*Work instruction*: Return the run of lines below that opens with the line containing "ass bra breasts" and closes with the line containing "Мужская футболка VERSACE", keeping each one exact.

<<<<

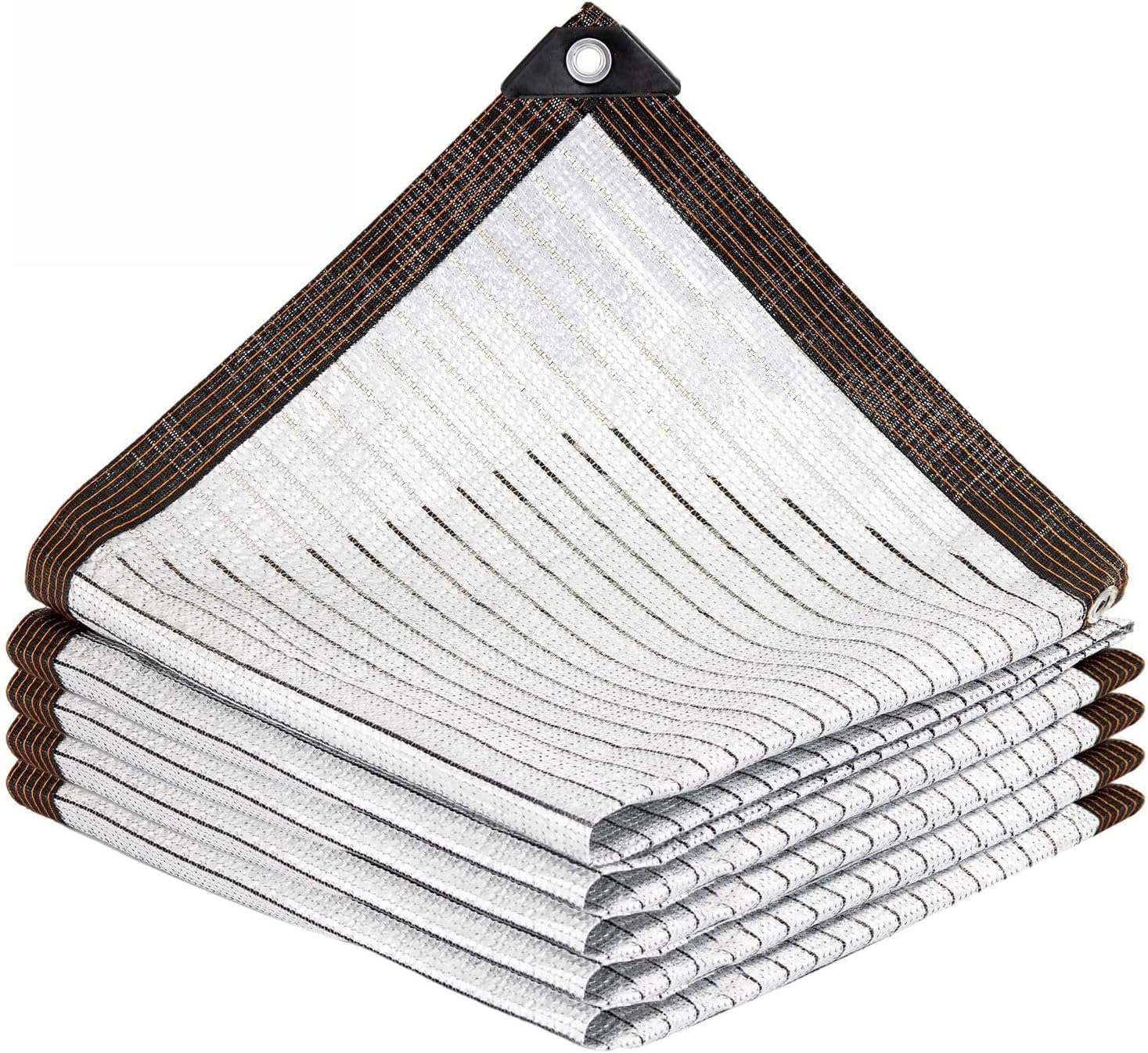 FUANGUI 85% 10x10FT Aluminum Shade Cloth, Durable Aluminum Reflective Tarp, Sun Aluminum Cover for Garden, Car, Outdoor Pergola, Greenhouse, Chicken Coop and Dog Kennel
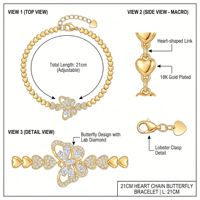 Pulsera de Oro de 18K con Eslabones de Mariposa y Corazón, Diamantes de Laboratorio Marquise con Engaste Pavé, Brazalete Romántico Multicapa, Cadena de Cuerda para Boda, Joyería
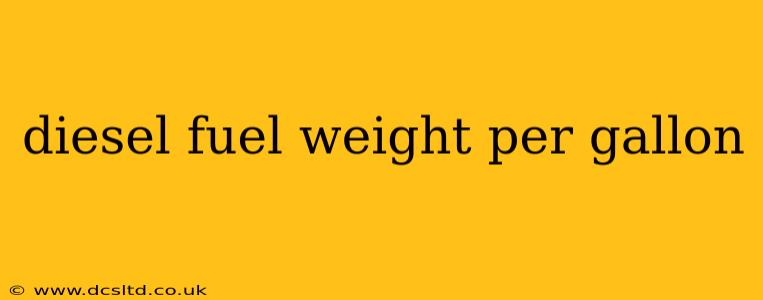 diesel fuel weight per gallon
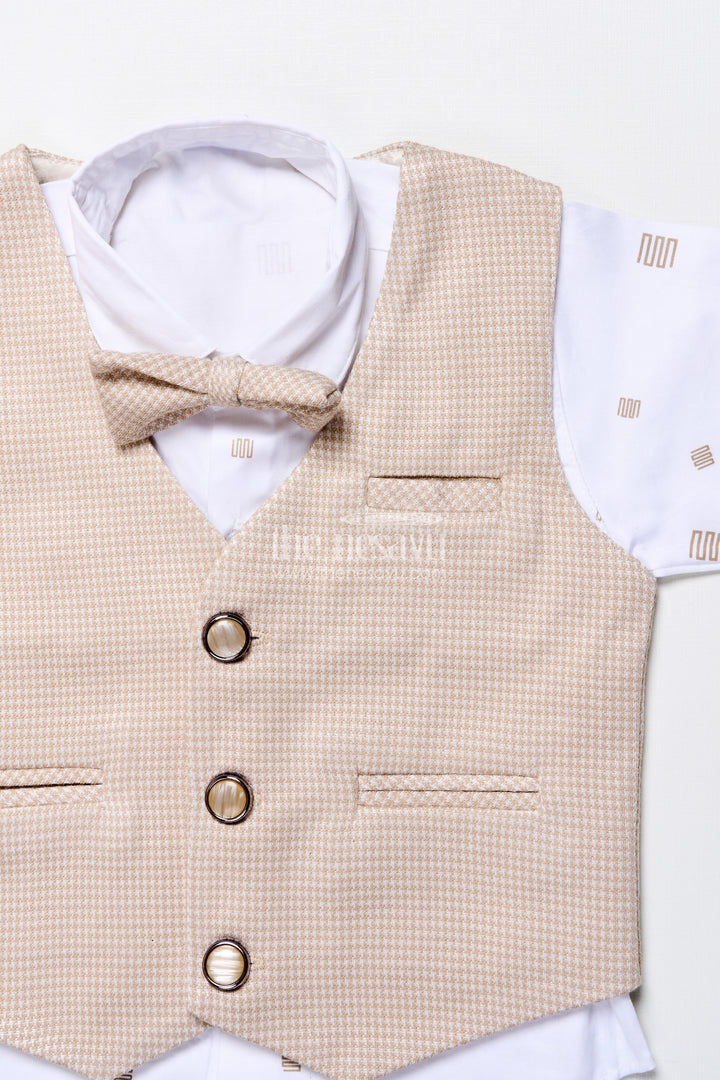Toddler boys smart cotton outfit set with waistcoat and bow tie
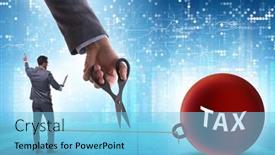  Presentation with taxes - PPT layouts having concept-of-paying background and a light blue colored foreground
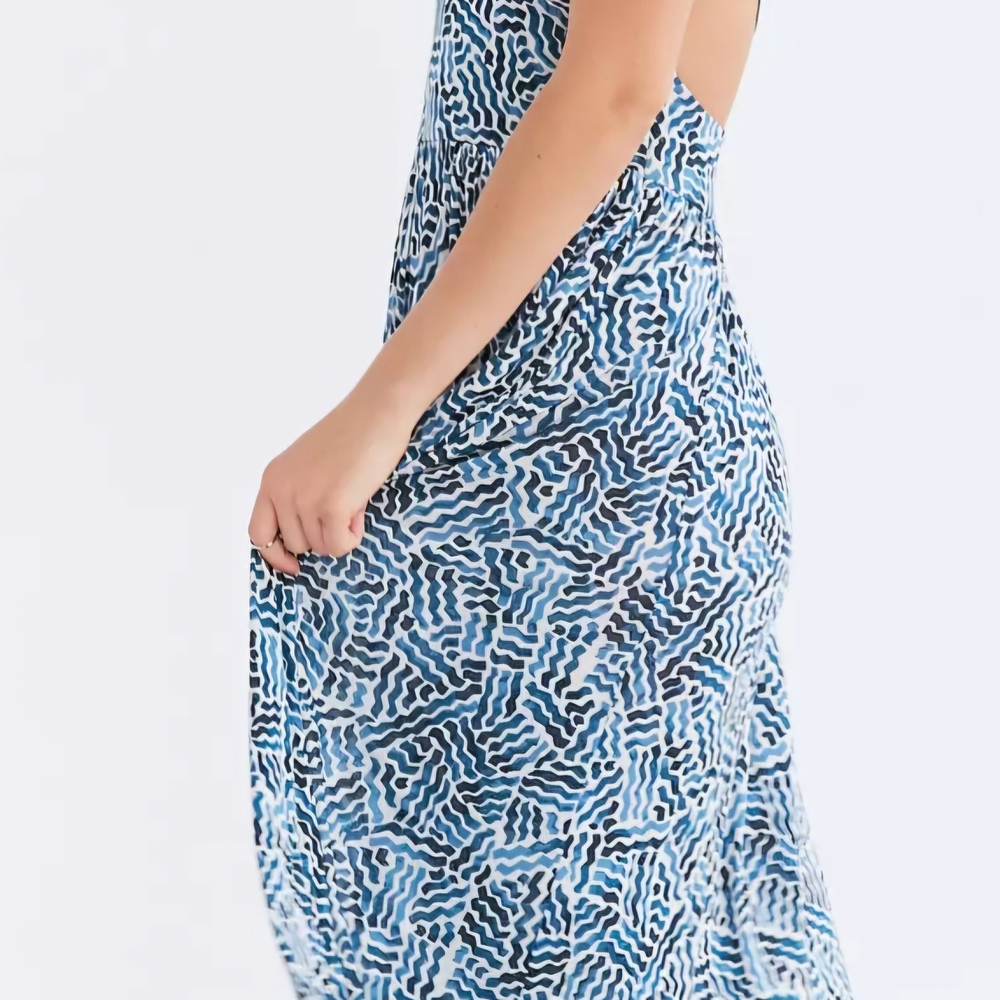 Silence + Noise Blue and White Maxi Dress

>>>>
<<<<

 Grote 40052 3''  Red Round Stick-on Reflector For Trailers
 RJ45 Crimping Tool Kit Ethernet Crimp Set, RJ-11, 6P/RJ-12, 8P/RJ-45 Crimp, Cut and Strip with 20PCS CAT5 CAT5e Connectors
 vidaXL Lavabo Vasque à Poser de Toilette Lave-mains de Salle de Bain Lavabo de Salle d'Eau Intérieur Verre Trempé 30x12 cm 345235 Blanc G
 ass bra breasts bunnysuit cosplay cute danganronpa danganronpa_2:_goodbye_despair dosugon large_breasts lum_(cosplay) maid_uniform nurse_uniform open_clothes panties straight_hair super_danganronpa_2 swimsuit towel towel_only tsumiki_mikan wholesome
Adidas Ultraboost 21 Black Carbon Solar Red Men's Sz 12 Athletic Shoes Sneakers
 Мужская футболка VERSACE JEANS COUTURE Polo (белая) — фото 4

>>>>

*The answer*:
 ass bra breasts bunnysuit cosplay cute danganronpa danganronpa_2:_goodbye_despair dosugon large_breasts lum_(cosplay) maid_uniform nurse_uniform open_clothes panties straight_hair super_danganronpa_2 swimsuit towel towel_only tsumiki_mikan wholesome
Adidas Ultraboost 21 Black Carbon Solar Red Men's Sz 12 Athletic Shoes Sneakers
 Мужская футболка VERSACE JEANS COUTURE Polo (белая) — фото 4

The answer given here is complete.